=== Begin Enclosure ===

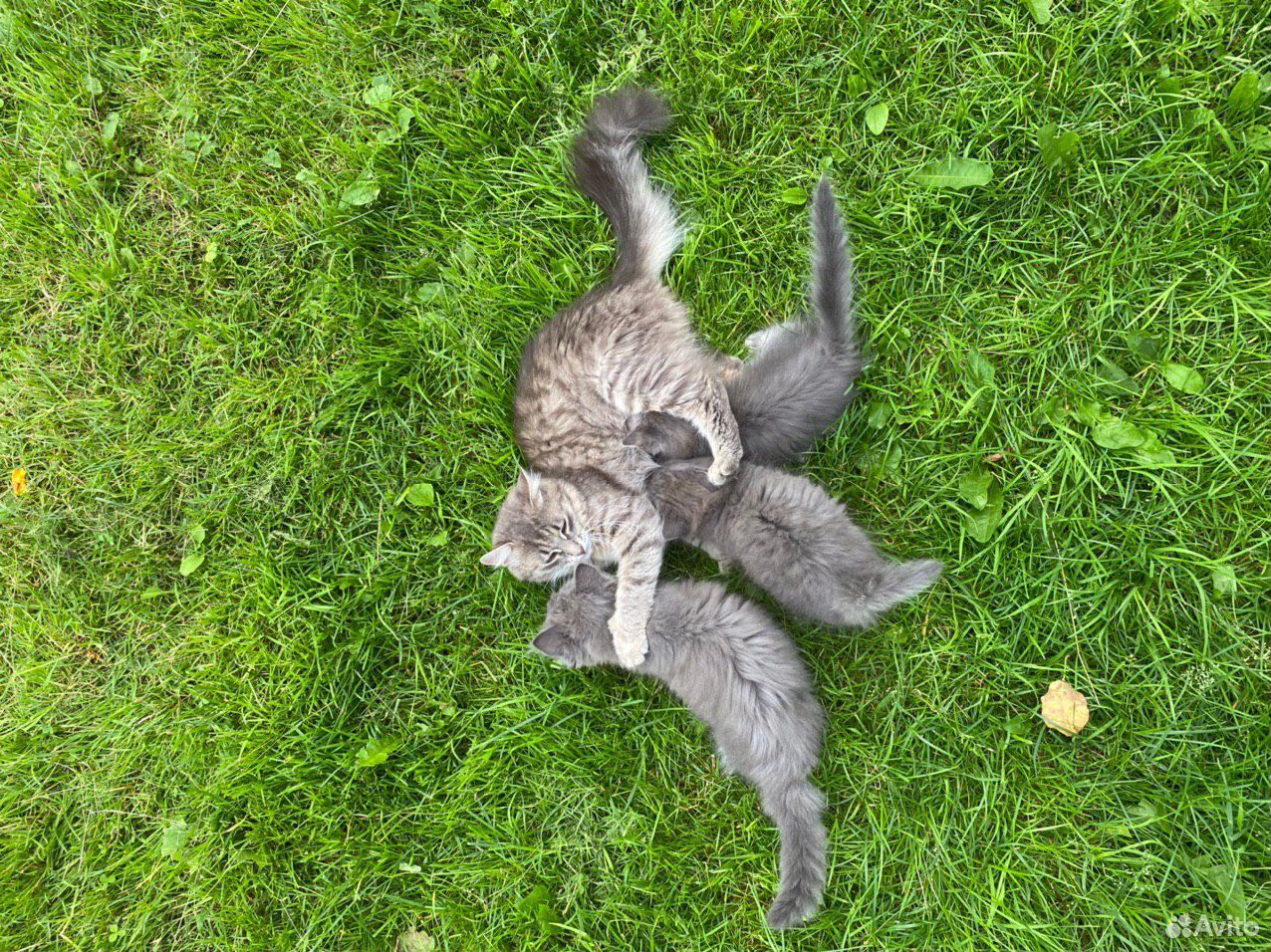 Котёнок в добрые руки купить на Зозу.ру - фотография № 4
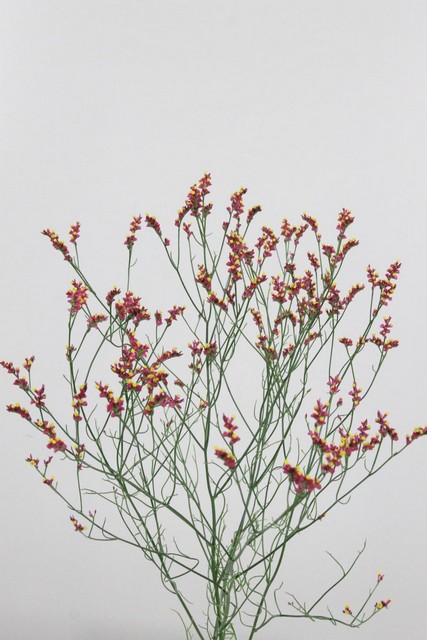 Limonium Scarlet Diamond 70cm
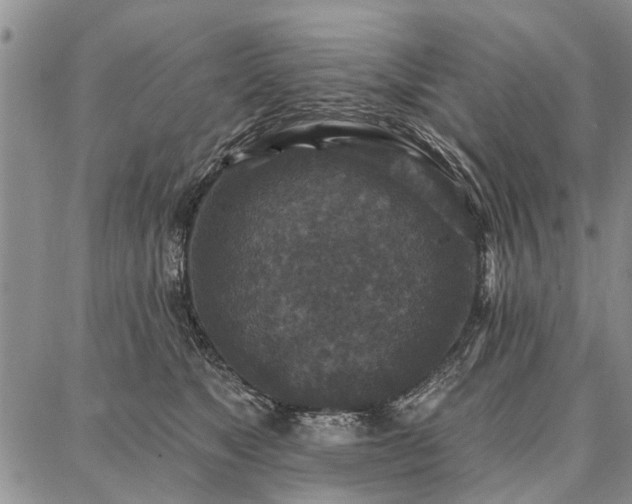 X0000086880517200704231106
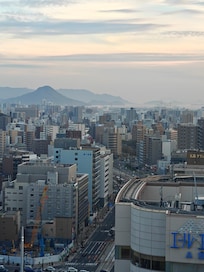 Sighted the mountain and sea beyond the city line.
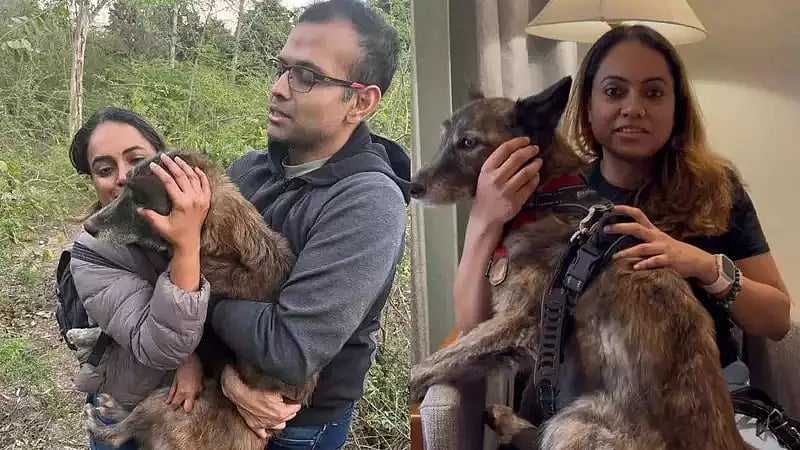 Agra: ரூ.50,000 சன்மானம், டிரோன், 3 மாத தேடல்... தொலைந்த நாயைக் கண்டுபிடித்த தம்பதி; என்ன நடந்தது?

=== End Enclosure ===

▶ _PROBLEM TO SOLVE_:
The records must be restated word for word, apart from any images.

▶ _TASK ANSWER_:
 Котёнок в добрые руки купить на Зозу.ру - фотография № 4
 Limonium Scarlet Diamond 70cm
 X0000086880517200704231106
 Sighted the mountain and sea beyond the city line.
 Agra: ரூ.50,000 சன்மானம், டிரோன், 3 மாத தேடல்... தொலைந்த நாயைக் கண்டுபிடித்த தம்பதி; என்ன நடந்தது?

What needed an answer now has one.